Baca berita dengan sedikit iklan, klik di sini

Internasional

Libya tanpa Sang Kolonel

Para pemuda menyambut gembira jatuhnya Qadhafi. Wartawan Tempo Faisal Assegaf melaporkan euforia kemenangan kelompok anti-Qadhafi dari Benghazi, Libya.

5 September 2011 | 00.00 WIB

Image of Tempo
Perbesar

Baca berita dengan sedikit iklan, klik di sini

Jarum jam menunjuk angka enam saat Tempo tiba di pos perbatasan Salum, antara Mesir dan Libya. Hari masih gelap dan suasana lengang. Hanya ada dua mobil di pos wilayah Mesir. Anjing menyalak di kejauhan. Kumandang azan subuh terdengar dari pengeras suara.

Setelah mengisi formulir keberangkatan bagi warga negara non-Mesir dan menyerahkan paspor, Tempo dan Neil al-Bassi, pemuda asal Benghazi yang memakai paspor Amerika Serikat, dipanggil oleh komandan pos perbatasan. Sang komandan ingin memastikan apakah Tempo benar-benar wartawan.

Selepas itu, Tempo bersama enam warga Benghazi, termasuk sopir, harus menunggu di gedung pelayanan yang belum dibuka. Pos perbatasan itu kusam dan lantainya kotor. Sampah berserakan di mana-mana meski tempat pembuangannya tersedia di dalam dan di luar gedung.

Tiga orang pelintas tampak tertidur di bangku panjang karena datang kepagian. Setelah kami menunggu hingga pukul delapan, seorang warga Benghazi yang tidak sabar menanti meminta semua paspor kami. Ia yakin cap yang diperlukan bakal ditera bila kami menyuap petugas perbatasan.

Dia benar. Hanya sepuluh menit berselang, enam paspor kami sudah mendapat stempel keluar dari pihak imigrasi Mesir. "Fii fulus, kholas(ada uang, semua masalah selesai)," kata Neil al-Bassi seraya tersenyum. Sudah menjadi aturan tidak tertulis di Negeri Firaun, semua urusan bisa selesai dengan uang.

Di pos wilayah Libya, euforia kemenangan revolusi meruap di mana-mana. Bendera tiga warna (merah, hitam, dan hijau, dengan bulan sabit dan bintang di bagian tengah) berkibar dan dilukis di tiap dinding. "Libya hurra (Libya merdeka)," teriak seorang pemuda penjaga perbatasan sambil mengacungkan jari membentuk huruf V melambangkan kemenangan.

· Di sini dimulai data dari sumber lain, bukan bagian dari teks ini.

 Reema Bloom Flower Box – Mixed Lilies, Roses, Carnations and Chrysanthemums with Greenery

Seorang petugas menanyakan surat penerimaan dari tokoh Dewan Transisi Nasional sebagai tanda persetujuan bagi Tempo untuk meliput di negara itu. Maklum saja, Kedutaan Besar Libya di Jakarta tidak melayani permohonan visa karena situasi negara mereka. Setelah melalui interogasi, akhirnya cap itu diterakan.

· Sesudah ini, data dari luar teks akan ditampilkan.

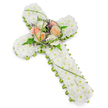 An elegant Christian floral cross, designed as a sympathy tribute, is photographed against a simple white background, evoking the calm of a Stanmore chapel just before a service begins. The cross is entirely sheathed in small white chrysanthemums, their rounded petals packed so tightly together that they form a smooth, plush-looking blanket of flowers. This sea of white suggests purity, peace, and a gentle farewell, much like the quiet stillness found in the early morning around Stanmore's tree-lined streets. Along the outer edge of the cross, a neat border of bright green foliage outlines the shape with crisp precision, highlighting the length of the vertical beam and the spread of the arms while providing a fresh contrast to the mass of white petals. At the very centre, a raised cluster of more prominent blooms introduces warmth and visual focus. Several roses in tones of soft peach, apricot, blush, and creamy ivory rise above the chrysanthemums, their layered petals unfurling in generous spirals. They are interwoven with feathery green ferns, slender blades of bright grass that arch gracefully, and tiny purple flowers that peep out in between, adding hints of colour and texture without disrupting the overall serenity of the piece. The lighting is bright yet gentle, reducing harsh shadows and allowing the structure and form of each bloom to be appreciated. This floral cross would be a fitting tribute for a funeral or remembrance service in the Stanmore area, whether placed near the altar, by the casket, or at the graveside, quietly expressing faith, love, and heartfelt condolences through flowers.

Selanjutnya adalah perjalanan panjang dan melelahkan selama kurang-lebih enam jam menuju Benghazi. Di awal memasuki wilayah Libya, lukisan bendera tiga warna berdampingan dengan gambar tokoh pejuang Umar al-Mukhtar tampak di mana-mana. Gambar itu mendominasi dinding rumah, bangunan kosong, bedeng pos pemeriksaan, restoran, dan pompa bensin.

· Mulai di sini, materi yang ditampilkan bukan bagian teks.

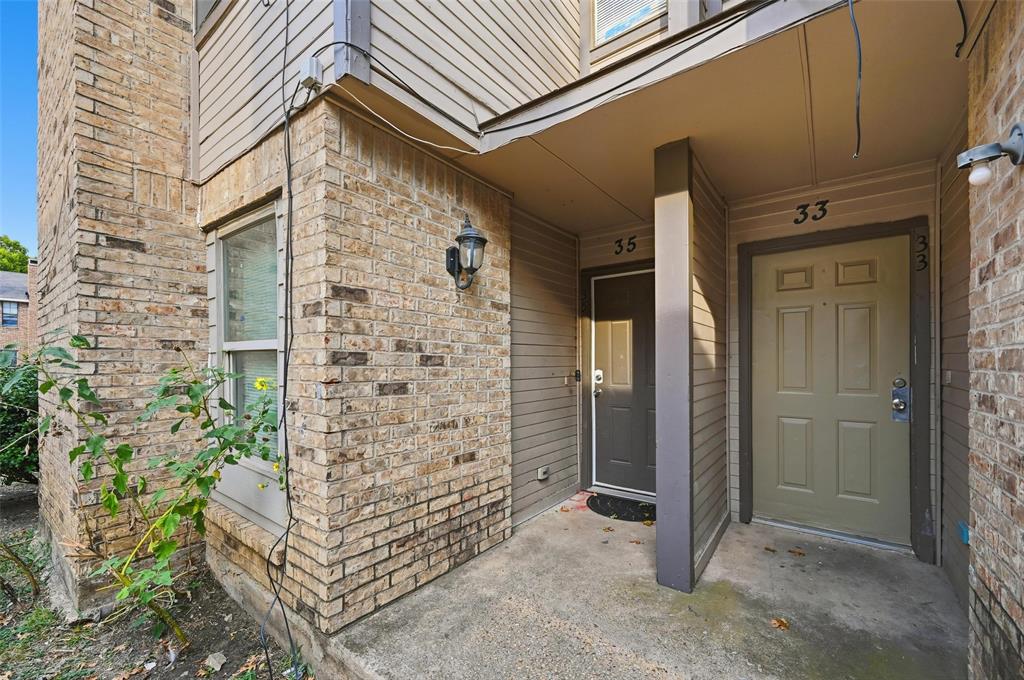 8001 Rothington Road, Unit 3137 Dallas, TX 75227 - Photo 16 of 38 a view of entryway with brick walls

Setelah itu, hanya gambar bendera tiga warna yang tampak. Perjalanan menyusuri rute sepanjang 483,7 kilometer itu terasa membosankan. Di kanan-kiri hanya ada gurun pasir. Kadang ada sekumpulan unta dan sapi yang mencari makan. Hawa di luar amat panas dan angin bertiup kencang.

Kamal Ahmad, sopir kami, punya resep jitu untuk menghindari kecurigaan para pemberontak yang menjaga lebih dari 20 pos pemeriksaan: ucapkan salam atau memberi tahu mereka bahwa kami orang Libya. Di tengah perjalanan, sebuah sedan berisi tentara pemberontak mengacungkan tanda V kepada kami.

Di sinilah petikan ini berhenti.